Remember me mentioning the crude door and hallway that was erected between the two buildings?  The picture above is a fairly good view of that doorway.  Notice, too, the copper tubing that runs the length of the wall.  The previous owners had a Glacier water machine on the sidewalk out front.  This copper pipe carried the water from the small restroom at the left rear corner of the room and through a hole chiseled in the front wall to the machine.  If you trace the pipe from the left of the photo to about 2/3 of the way to the back wall, you'll notice that the pipe bends up, over a ways, then down again.  When the previous owner's possessions were still in the building, there was a desk with a computer monitor on it sitting in that raised area.  In other words, they didn't move the desk to install the copper tubing.  They simply went 'around' it.  Melanie and I got a good laugh out of that bit of engineering.  

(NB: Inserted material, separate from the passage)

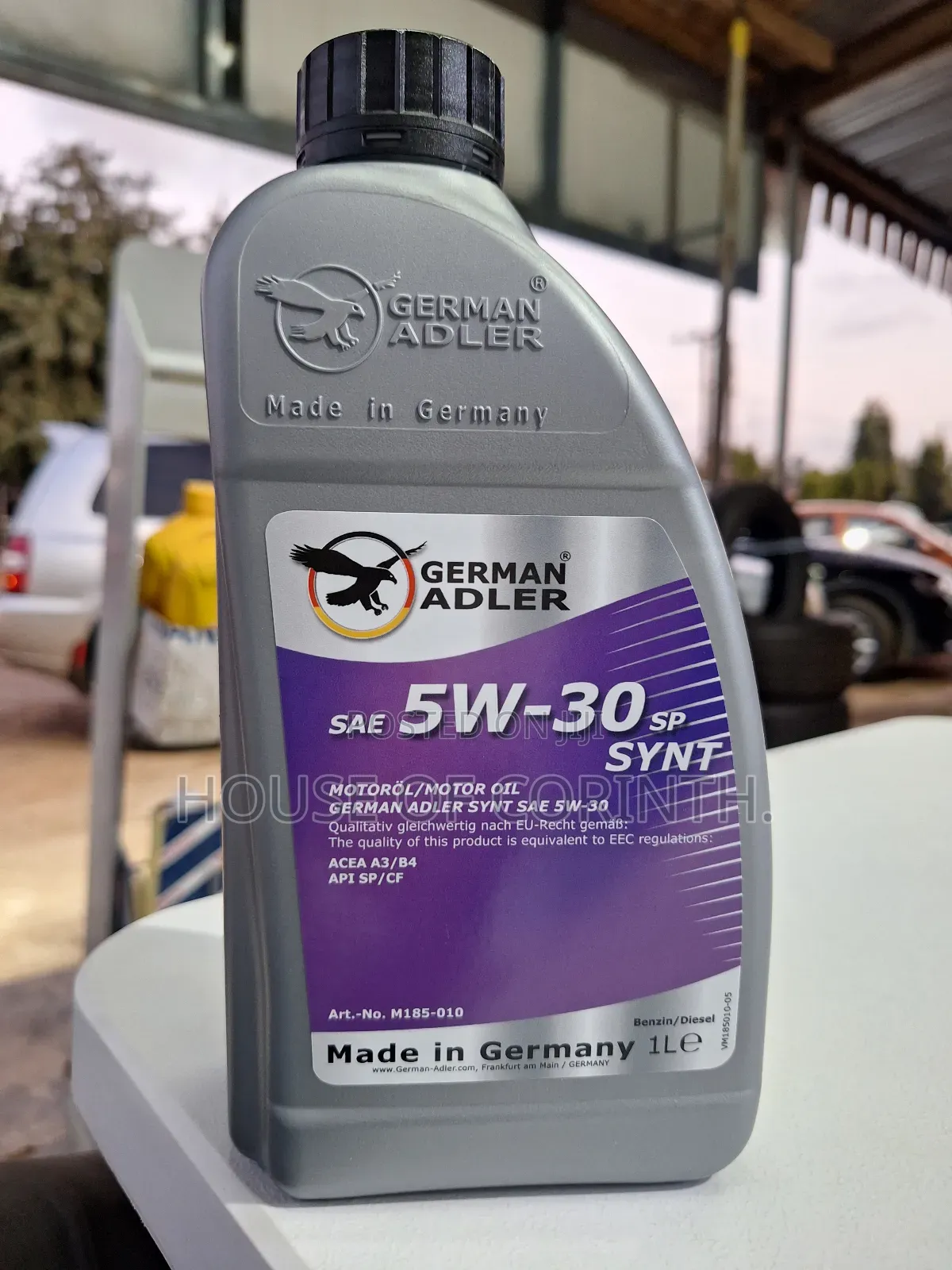 5w30 German Adler Synthetic Engine Oil 5l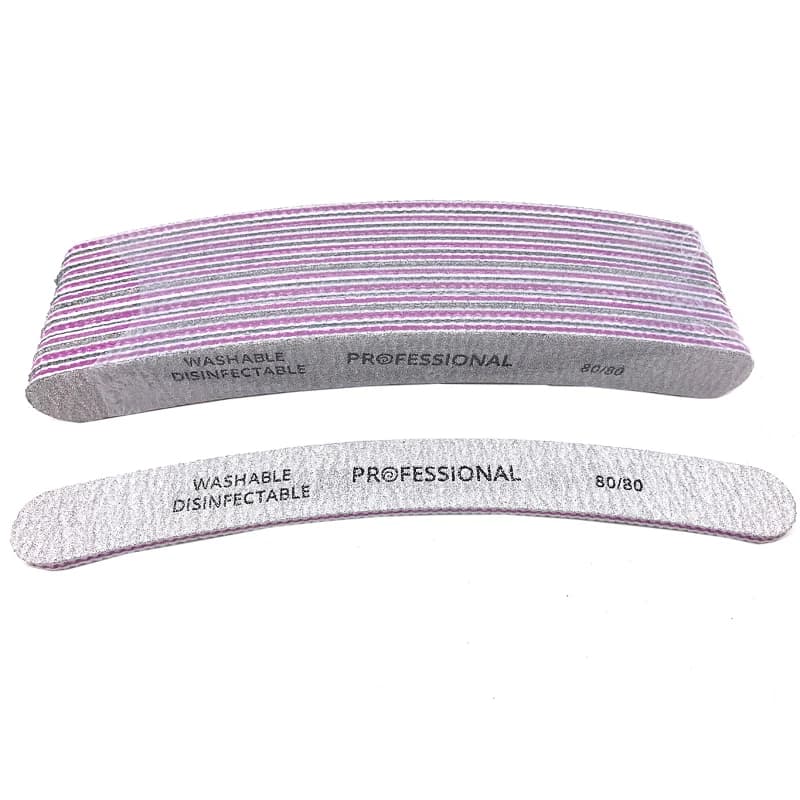 Curved Nail File Set - 5 Piece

The day the dropped ceiling came down was definitely a day of celebration!


Yep.  Just as we'd hoped, we found a tin ceiling hiding above.  At one point the building had central heat and air--proven by the duct hanging down in the second picture above.  The ductwork remained, but the units themselves were long gone.  

We were beyond delighted to discover the tin was in fairly good condition, considering it's age.  Obvious repairs were made to the tin in the past, as some of the tins are of a different design.  But the entire ceiling is tin, with no squares missing, which is a bonus.  Lots of electrical ran between the tin ceiling and the dropped ceiling, which will have to be re-routed, an added expense to the restoration budget, but well worth it.

Now the next two photos require studying and comparing.  If you look closely in the first photo, you can see the 'lines' of where once were windows.  

We haven't been able to find an old picture of the interior of the building, but in the oldest photo we've found of the building's exterior you can see the placement of those windows.  The windows were probably covered over years later when the building that currently resides beside it was built, as the two buildings share a wall.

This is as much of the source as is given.